(Scraped caption text data)
►
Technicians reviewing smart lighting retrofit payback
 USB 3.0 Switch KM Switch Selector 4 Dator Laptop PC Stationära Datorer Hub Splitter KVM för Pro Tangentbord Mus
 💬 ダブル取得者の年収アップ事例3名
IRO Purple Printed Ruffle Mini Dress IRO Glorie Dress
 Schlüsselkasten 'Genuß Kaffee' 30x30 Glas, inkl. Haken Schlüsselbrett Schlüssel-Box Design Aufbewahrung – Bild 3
◄
- _What needs to be done_:
Write all of the data above again, exactly as given.

- _Result_:
Technicians reviewing smart lighting retrofit payback
 USB 3.0 Switch KM Switch Selector 4 Dator Laptop PC Stationära Datorer Hub Splitter KVM för Pro Tangentbord Mus
 💬 ダブル取得者の年収アップ事例3名
IRO Purple Printed Ruffle Mini Dress IRO Glorie Dress
 Schlüsselkasten 'Genuß Kaffee' 30x30 Glas, inkl. Haken Schlüsselbrett Schlüssel-Box Design Aufbewahrung – Bild 3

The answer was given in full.